Senhor Embaixador da Itália, Raffaele Trombetta,

Senhora Embaixadora Caterina Bertolini, demais membros da delegação italiana,

Senhores membros da delegação brasileira, meus colegas,

Senhoras e Senhores,


Em nome do Governo brasileiro e do Ministro das Relações Exteriores, tenho a grande satisfação de abrir este 6º encontro do Conselho de Cooperação. Dou as boas-vindas ao Embaixador Michele Valensise, um grande e querido amigo do Brasil, e aos integrantes da delegação italiana que se deslocaram a Brasília, em demonstração clara do interesse que demonstram pelo diálogo entre nossos países.

Quero também agradecer à delegação italiana o uso do português sem intérprete para realizar estas reuniões, o que demonstra não só uma especial consideração ao Brasil, mas também a reconhecida habilidade dos italianos de dominarem línguas estrangeiras e essa sua capacidade de desvanecer os seus interlocutores com a sua cálida amizade.

Uma forte herança comum e uma história iluminada de relações bilaterais exemplares marcam a amizade entre o Brasil e a Itália. Os trabalhos de hoje singularizam-se pela oportunidade de renovarmos o diálogo e de edificarmos a modernização de nossa agenda, sobretudo no âmbito dos investimentos, da cooperação empresarial, da parceria educacional, científica, tecnológica, da inovação e dos temas de interesse direto das comunidades de migrantes. Nosso desafio é continuar o bom caminho que nos foi legado e concretizar, com ações estratégicas conjuntas, os ideais de que comungamos.

Também a parceria entre os nossos entes sub-regionais – regiões e comunas italianas, estados federados e municípios brasileiros – pode ser instrumental na promoção do comércio e da integração econômica entre os dois países. Contamos com um acordo bilateral sobre a cooperação descentralizada, que conviria explorar em toda a sua excelente potencialidade.

No âmbito econômico, temos uma ampla agenda de trabalho para a criação de oportunidades de comércio e de investimentos. Apesar de o intercâmbio bilateral ter aumentado quase 90% entre 2005 e 2014, houve decréscimo de 4,5% no ano passado, tendência que se repetiu nos dois primeiros meses de 2015. Dinamizar o nosso comércio, explorando novas oportunidades e lidando com as adversidades de maneira célere, é essencial para que nossas economias se desenvolvam de maneira equilibrada.

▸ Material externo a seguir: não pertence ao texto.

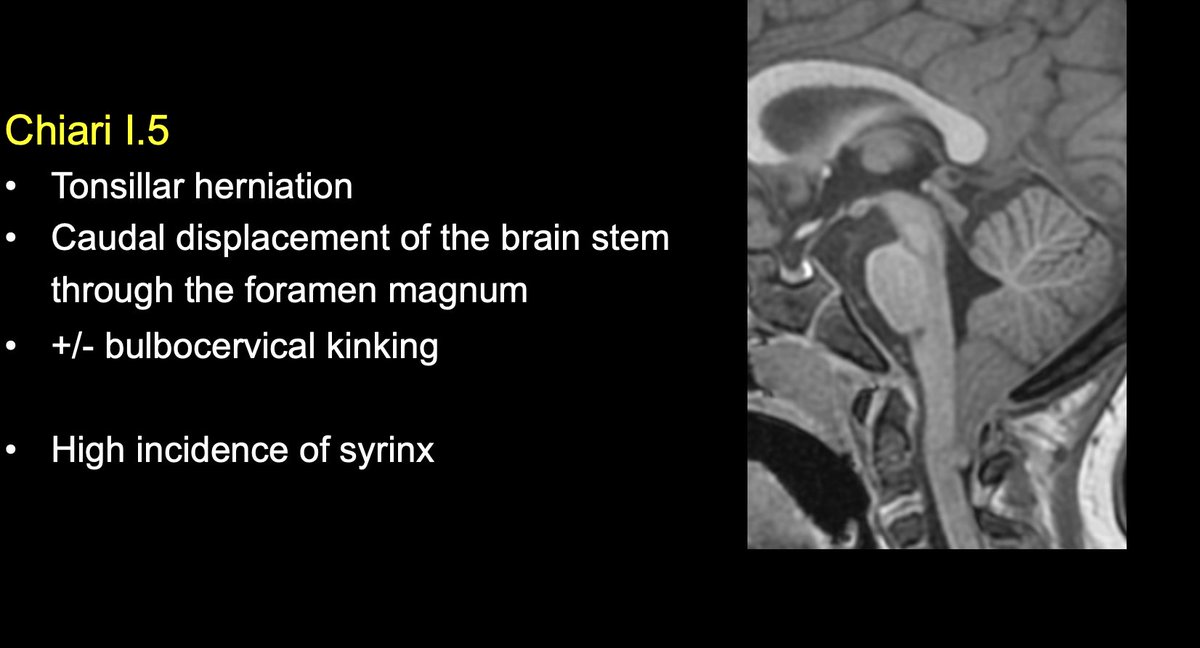 The_ASPNR's tweet photo. #ASPNR22 The craniocervical junction anatomy and the Chiari I + types made easy by Dr Gilbert Vézina from @ChildrensNatl. https://t.co/9Ipn1cBUV2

Nesse contexto, tornam-se fundamentais iniciativas como a criação de mecanismos de diálogo entre pequenas e médias empresas, assim como entre instituições a elas relacionadas, que têm inestimável importância nos tecidos produtivos do Brasil e da Itália e que desempenham papel essencial na geração de renda e de empregos nos dois países.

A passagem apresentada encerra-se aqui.